Your job is to set down the stretch of entries that opens with the line containing "Black and white closeup" and closes with the line containing "Touristengruppe im winterlichen". Keep both end lines, copy each exactly, and add nothing.

Brief descriptive captions
+ + + + +
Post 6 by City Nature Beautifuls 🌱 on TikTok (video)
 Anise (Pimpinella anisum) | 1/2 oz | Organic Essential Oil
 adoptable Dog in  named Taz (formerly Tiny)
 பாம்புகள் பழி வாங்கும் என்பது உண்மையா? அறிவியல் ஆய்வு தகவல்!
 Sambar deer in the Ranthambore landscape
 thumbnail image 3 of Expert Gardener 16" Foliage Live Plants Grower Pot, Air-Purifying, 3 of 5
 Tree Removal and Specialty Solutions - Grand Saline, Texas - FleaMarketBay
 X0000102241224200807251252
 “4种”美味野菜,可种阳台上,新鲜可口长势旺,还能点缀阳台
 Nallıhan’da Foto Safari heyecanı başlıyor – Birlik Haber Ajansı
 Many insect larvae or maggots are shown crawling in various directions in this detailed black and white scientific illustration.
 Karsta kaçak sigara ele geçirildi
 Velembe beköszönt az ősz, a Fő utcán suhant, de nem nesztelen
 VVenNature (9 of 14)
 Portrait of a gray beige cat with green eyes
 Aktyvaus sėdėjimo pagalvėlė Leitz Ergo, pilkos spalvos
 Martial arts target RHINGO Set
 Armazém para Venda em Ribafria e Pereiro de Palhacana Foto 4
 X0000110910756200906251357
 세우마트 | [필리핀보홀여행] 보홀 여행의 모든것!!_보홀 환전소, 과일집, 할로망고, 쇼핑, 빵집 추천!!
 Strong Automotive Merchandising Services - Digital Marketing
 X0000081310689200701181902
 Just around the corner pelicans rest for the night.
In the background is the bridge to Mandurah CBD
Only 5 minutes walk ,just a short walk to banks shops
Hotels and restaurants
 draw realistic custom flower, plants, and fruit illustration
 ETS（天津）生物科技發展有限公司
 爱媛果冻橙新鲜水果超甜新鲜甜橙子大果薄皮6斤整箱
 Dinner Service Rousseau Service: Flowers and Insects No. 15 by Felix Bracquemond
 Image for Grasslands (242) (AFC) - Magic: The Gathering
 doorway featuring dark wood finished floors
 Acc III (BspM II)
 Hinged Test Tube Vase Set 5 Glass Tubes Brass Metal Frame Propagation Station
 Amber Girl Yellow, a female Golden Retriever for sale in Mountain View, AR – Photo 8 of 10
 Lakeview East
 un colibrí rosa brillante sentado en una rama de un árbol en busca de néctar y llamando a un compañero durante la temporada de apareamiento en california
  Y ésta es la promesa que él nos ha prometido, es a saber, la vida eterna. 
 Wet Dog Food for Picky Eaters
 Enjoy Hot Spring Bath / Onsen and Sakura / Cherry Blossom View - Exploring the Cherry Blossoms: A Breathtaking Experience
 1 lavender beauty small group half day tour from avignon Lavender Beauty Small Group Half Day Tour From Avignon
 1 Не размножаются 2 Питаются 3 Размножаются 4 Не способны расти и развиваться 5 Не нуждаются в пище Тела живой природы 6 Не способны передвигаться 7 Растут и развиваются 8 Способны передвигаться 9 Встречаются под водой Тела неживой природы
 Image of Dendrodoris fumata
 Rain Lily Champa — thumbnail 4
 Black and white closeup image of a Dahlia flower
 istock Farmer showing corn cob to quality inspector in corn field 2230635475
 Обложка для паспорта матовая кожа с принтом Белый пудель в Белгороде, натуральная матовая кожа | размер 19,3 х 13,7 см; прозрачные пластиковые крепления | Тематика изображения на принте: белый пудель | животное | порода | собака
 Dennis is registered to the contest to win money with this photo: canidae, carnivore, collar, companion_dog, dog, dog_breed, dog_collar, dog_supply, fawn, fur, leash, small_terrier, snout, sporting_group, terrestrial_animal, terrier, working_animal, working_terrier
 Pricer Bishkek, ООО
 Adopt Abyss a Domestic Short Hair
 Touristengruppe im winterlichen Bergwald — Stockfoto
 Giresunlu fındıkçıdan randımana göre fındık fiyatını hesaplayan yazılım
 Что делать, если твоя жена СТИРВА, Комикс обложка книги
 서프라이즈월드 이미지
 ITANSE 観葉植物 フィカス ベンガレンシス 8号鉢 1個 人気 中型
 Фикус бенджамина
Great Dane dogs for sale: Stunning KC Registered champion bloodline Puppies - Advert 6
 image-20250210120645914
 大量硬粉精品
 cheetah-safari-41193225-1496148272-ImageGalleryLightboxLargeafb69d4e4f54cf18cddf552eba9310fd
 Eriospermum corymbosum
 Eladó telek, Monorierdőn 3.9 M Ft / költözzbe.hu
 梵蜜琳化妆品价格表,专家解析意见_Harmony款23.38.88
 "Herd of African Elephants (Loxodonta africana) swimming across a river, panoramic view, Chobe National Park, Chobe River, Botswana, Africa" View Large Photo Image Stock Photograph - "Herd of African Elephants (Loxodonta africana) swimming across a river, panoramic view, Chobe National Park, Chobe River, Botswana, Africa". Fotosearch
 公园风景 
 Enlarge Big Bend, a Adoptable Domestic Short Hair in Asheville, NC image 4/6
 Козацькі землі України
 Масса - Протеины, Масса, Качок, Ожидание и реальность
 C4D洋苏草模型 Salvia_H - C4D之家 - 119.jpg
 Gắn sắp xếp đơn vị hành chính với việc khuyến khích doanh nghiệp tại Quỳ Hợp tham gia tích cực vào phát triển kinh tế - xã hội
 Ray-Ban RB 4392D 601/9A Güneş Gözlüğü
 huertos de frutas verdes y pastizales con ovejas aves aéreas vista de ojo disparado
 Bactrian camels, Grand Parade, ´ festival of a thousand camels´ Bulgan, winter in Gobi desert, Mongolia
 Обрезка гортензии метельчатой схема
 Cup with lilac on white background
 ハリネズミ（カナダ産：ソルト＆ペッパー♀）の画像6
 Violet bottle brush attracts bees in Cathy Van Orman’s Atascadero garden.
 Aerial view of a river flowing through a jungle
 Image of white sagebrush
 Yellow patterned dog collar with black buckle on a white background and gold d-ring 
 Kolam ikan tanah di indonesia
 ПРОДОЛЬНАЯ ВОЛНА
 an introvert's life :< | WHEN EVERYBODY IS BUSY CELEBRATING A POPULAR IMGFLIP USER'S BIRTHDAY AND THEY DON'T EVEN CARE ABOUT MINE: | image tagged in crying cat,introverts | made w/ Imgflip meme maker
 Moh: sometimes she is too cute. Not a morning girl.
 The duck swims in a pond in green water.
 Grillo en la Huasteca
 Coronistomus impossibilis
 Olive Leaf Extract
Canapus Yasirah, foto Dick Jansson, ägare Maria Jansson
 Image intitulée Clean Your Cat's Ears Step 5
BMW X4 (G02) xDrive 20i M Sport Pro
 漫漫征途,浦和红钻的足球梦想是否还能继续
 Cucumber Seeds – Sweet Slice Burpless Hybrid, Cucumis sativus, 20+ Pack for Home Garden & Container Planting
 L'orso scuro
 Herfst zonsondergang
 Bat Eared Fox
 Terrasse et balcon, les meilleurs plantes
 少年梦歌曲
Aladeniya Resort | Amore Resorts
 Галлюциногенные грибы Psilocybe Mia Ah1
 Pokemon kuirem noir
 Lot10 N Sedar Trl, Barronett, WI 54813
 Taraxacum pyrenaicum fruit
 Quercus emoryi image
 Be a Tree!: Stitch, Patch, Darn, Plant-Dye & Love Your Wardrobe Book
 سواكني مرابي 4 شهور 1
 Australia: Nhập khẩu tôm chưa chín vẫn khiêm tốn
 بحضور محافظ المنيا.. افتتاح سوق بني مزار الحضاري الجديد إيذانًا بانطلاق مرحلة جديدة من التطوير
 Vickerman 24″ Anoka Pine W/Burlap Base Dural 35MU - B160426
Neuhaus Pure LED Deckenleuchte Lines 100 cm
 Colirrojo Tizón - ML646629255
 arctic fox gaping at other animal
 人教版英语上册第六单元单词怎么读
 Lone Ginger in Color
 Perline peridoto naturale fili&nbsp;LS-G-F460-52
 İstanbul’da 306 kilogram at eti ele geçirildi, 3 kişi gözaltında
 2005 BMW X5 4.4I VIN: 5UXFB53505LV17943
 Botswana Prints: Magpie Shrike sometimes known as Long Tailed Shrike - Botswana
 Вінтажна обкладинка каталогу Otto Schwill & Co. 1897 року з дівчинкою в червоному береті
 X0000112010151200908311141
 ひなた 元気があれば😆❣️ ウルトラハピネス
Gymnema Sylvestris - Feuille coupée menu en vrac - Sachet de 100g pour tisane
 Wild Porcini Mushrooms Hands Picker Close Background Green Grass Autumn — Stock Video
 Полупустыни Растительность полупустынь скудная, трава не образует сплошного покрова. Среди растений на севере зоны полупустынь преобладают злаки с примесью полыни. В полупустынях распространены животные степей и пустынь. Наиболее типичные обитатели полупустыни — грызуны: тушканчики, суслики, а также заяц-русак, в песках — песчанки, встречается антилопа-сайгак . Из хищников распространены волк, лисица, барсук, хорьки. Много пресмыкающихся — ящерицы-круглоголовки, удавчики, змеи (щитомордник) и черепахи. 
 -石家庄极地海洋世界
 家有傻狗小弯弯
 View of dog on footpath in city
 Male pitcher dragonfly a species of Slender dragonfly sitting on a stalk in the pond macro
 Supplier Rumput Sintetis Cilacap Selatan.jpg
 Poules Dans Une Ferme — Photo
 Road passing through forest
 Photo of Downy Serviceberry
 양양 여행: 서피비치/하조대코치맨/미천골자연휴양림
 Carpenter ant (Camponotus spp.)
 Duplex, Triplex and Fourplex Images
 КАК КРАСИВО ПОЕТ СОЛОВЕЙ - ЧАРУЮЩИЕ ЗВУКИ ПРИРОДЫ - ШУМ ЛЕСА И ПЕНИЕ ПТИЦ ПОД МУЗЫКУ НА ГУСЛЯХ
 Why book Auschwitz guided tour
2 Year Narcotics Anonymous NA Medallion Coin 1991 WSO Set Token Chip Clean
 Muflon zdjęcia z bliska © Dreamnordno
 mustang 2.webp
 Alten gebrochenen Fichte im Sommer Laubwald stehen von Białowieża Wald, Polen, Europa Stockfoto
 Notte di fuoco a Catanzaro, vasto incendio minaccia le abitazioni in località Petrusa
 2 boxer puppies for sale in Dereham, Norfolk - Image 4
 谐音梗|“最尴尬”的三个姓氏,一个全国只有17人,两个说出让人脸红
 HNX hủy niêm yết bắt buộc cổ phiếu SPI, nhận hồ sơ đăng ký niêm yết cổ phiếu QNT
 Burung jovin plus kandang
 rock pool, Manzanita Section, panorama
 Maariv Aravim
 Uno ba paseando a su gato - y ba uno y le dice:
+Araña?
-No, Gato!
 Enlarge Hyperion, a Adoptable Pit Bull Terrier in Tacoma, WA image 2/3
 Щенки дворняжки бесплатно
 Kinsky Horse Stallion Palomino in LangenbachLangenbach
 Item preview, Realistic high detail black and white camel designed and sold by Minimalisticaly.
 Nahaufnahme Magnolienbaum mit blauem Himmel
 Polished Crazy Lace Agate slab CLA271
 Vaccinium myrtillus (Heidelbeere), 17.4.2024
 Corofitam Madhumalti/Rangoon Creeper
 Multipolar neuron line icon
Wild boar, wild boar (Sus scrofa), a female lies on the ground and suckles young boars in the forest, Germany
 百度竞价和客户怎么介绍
+ + + + +
### ANSWER SECTION
 Black and white closeup image of a Dahlia flower
 istock Farmer showing corn cob to quality inspector in corn field 2230635475
 Обложка для паспорта матовая кожа с принтом Белый пудель в Белгороде, натуральная матовая кожа | размер 19,3 х 13,7 см; прозрачные пластиковые крепления | Тематика изображения на принте: белый пудель | животное | порода | собака
 Dennis is registered to the contest to win money with this photo: canidae, carnivore, collar, companion_dog, dog, dog_breed, dog_collar, dog_supply, fawn, fur, leash, small_terrier, snout, sporting_group, terrestrial_animal, terrier, working_animal, working_terrier
 Pricer Bishkek, ООО
 Adopt Abyss a Domestic Short Hair
 Touristengruppe im winterlichen Bergwald — Stockfoto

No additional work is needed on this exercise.